Loretta reports:
In Worcester, you can’t just knock down an old building when you feel like it (except if you are certain unspeakable people who shall remain nameless). Historic structures get a one year stay of execution, unless the powers that be grant a waiver. Very often the waiver is granted and the building vanishes, and all we can do is take pictures to remember it by.
Recently, and much to our surprise, Our Lady of Mount Carmel Church, about which I wrote not long ago, got a one year stay of execution, though the odds of its surviving are not great.
The news is better about an old tavern in the town.
The Stearns Tavern is one of those buildings I must have passed a thousand times, in a car and on foot, without more than a glance. It was, until recently, a bank. Only in the last couple of years did I learn was one of Worcester’s oldest structures, dating back to about 1812. (I know: in England that’s practically yesterday, ultra-modern, but this is the U.S.)

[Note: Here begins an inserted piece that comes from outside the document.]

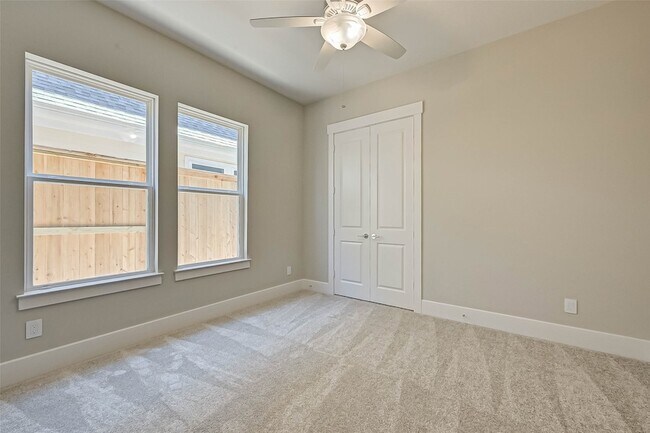 Photo - 67 Thorpe Ln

We didn’t hold out much hope when the Stearns Tavern got its one year reprieve—but lo and behold, thanks to efforts by the city and several private companies, the tavern will be preserved. It’s moving, for the second time, to a more attractive location, and will get a new life as the centerpiece of a park.

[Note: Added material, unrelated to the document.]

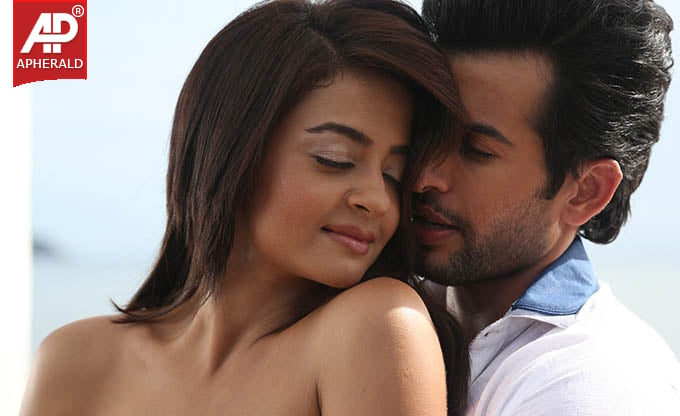 Hate Story 2 Hot Stills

For more about the tavern, here are some links:
Just the facts, ma’am here.
A more detailed story with lots of photographs here.
And the rescue story here.
Despite diligent searching, I’ve been unable to locate older images for a compare and contrast. In the meantime, these photographs are courtesy the indefatigable Walter M. Henritze III.
Please click on images to enlarge.
2 comments:
Wonderful news on this rainy morning!
Delighted to hear that this survives. I live in a town with hundreds of structures dating from that same era, and it certainly gives our New World city and Old World ambiance.